**EXERCISE INSTRUCTIONS:** Write out again the lines from the line with "Amusing Wagon Pace" up to and including the line with "Untapped Lands Trust", exactly as they stand below, and skip any picture.

─── RECORDS FOR THIS TASK

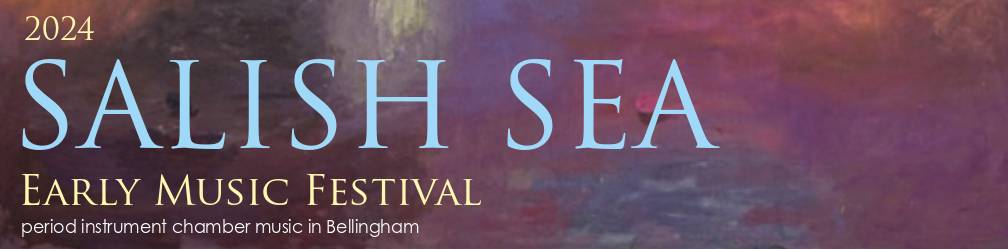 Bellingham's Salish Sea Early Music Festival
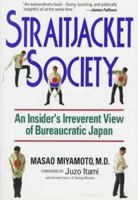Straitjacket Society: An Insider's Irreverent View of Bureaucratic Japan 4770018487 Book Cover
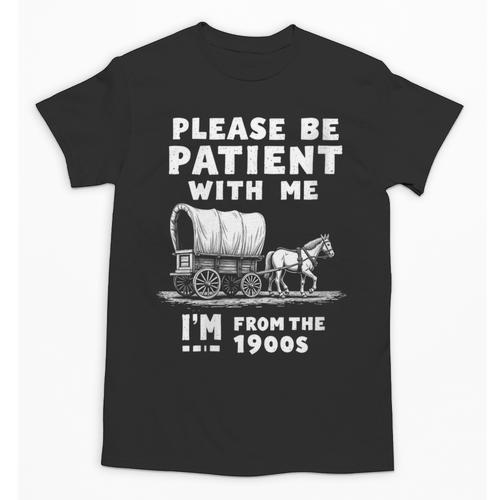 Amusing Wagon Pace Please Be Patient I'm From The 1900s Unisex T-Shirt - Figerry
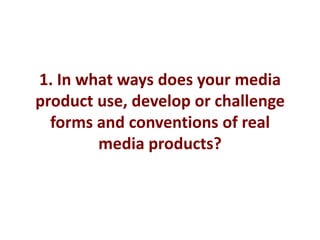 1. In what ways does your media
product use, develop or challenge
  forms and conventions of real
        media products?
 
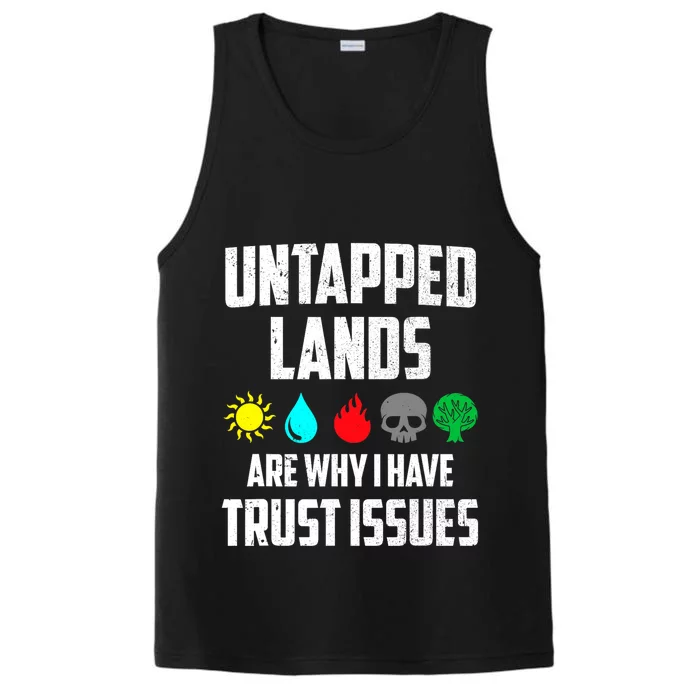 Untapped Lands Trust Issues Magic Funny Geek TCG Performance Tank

──────
─── RECORDS FOR THIS TASK

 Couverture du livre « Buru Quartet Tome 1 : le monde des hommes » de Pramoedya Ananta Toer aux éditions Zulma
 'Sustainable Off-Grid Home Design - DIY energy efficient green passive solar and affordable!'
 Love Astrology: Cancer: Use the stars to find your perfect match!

──────

**RESULT OF THE EXERCISE:**
 Amusing Wagon Pace Please Be Patient I'm From The 1900s Unisex T-Shirt - Figerry
 1. In what ways does your media
product use, develop or challenge
  forms and conventions of real
        media products?
 
 Untapped Lands Trust Issues Magic Funny Geek TCG Performance Tank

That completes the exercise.